# VG10 vs AUS10?



## KFCUK

Hi KKF,

I am doing some research on VG10 steel and keep coming across AUS10, I know they are different but is this just where it comes from US of A being AUS 10 and Japan being VG10?

440C is this the equivalent to VG10? 

Can any of the steels brake a 62HRC or do they stop at that?


----------



## ModRQC

VG10 and Super Gold 2 - Takefu Stainless Steel Properties and History - Knife Steel Nerds


New experiments on toughness, edge retention, and corrosion resistance of VG10 and Super Gold 2 (SG2). I also covered the history of these Takefu steels.




knifesteelnerds.com


----------



## HumbleHomeCook

AUS steels are Japanese.


----------



## ModRQC

Guess the answer to last would be that most steel can be hardened higher than what you see them go at, but at the detriment of toughness to say the least, but other characteristics may suffer too.

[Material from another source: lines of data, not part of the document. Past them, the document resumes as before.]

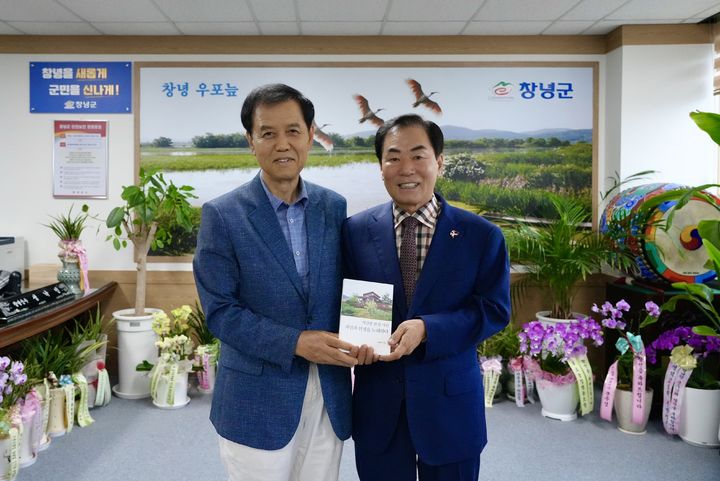 [창녕=뉴시스] 허병찬 시인이 성낙인 경남 창녕군수에게 시집을 전달하고 있다. (사진=창녕군 제공) 2026.06.23. photo@newsis.com *재판매 및 DB 금지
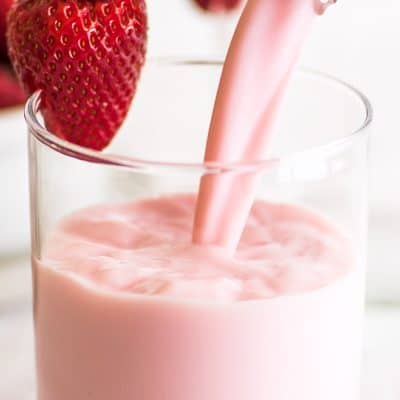 Photo of homemade strawberry milk being poured into a glass.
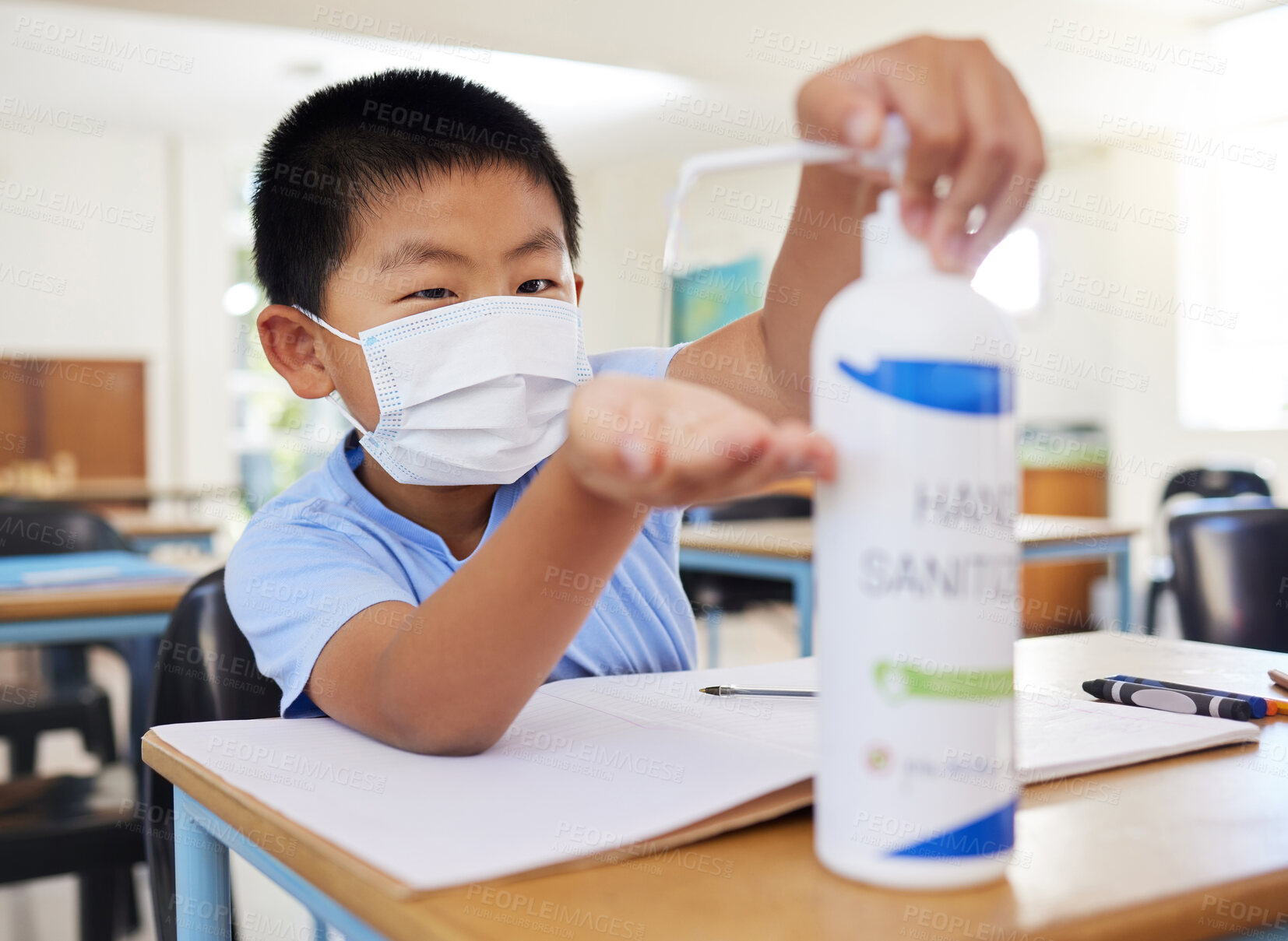 Buy stock photo Hygiene, safety and covid routine of a little boy using hand sanitizer at school. Young asian student with a mask practicing good health by cleaning his hands at his classroom desk in a pandemic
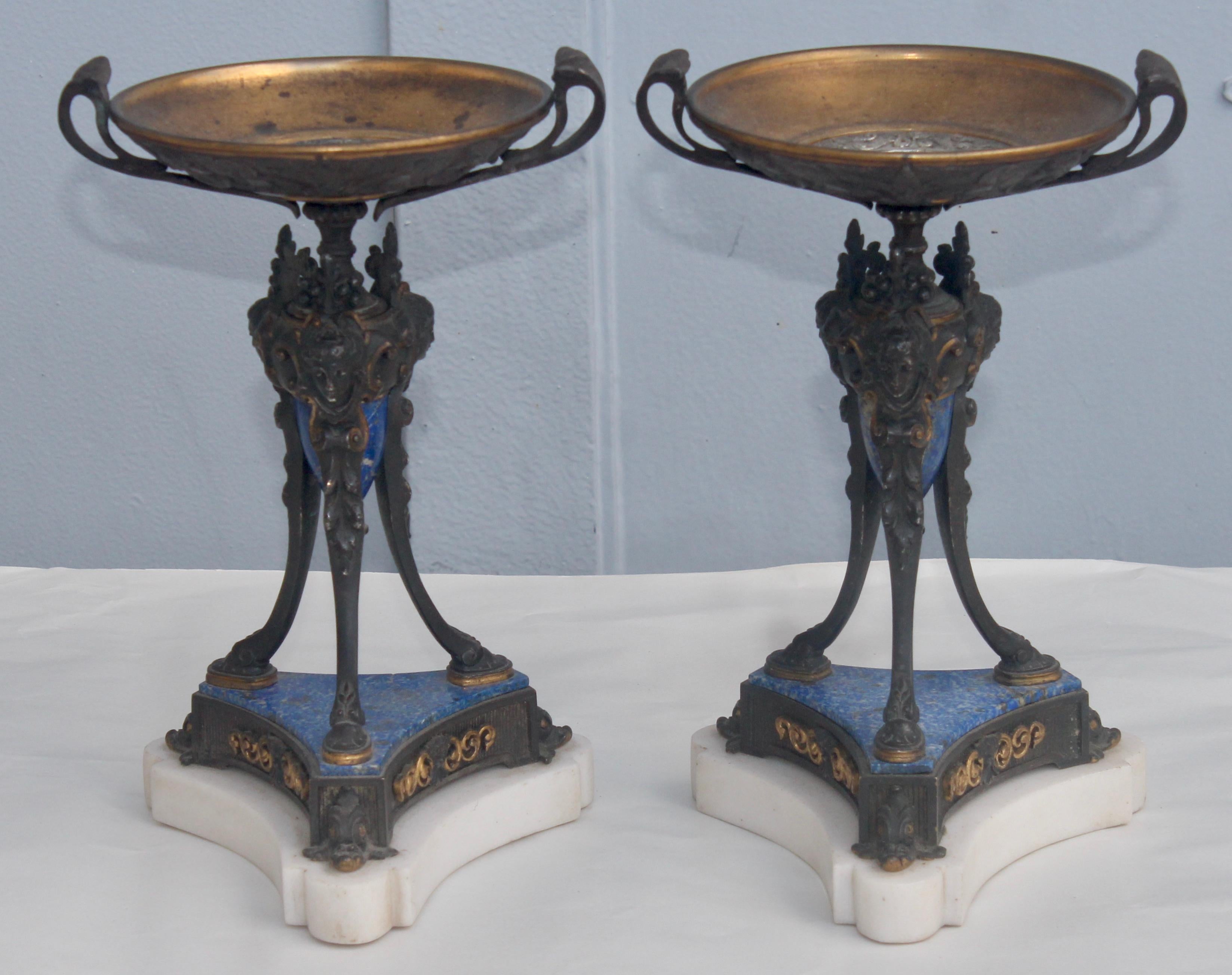 A French 19th century pair of neoclassical tripod tazzas
Ormolu, patinated bronze and Lapis-lazuli on a white marble base
circa 1860.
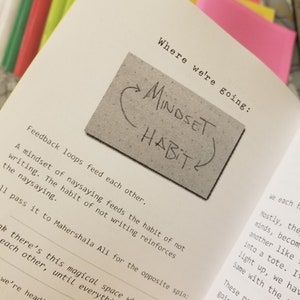 May include: A close-up of a page from a book with the text "Where we're going: Mindset Habit" written in black marker on a gray sticky note. The text on the page reads "Feedback loops feed each other. A mindset of naysaying feeds the habit of not writing. The habit of not writing reinforces the naysaying."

Just follow the above article with a couple other reads from @Larrin


----------



## KFCUK

This is amazing thank you very much @ModRQC & @HumbleHomeCook will get reading


----------



## HumbleHomeCook

Zknives.com is your friend.


----------



## Dzbiq

Aus 10 = 440C. 
VG-10 is similar to 154CM, but better. 154CM was the american super steel which is equaled by ATS-34, the japanese version of the same exact thing. Good stuff for sure, 154CM is a slight upgrade from 440C which makes it bit better than Aus 10.

Quality steels can be hardened over 62HRC, but there is a point for certain steel that it isn't worth pushing hardness and at the same time scarifying toughness and making the knife very brittle.


----------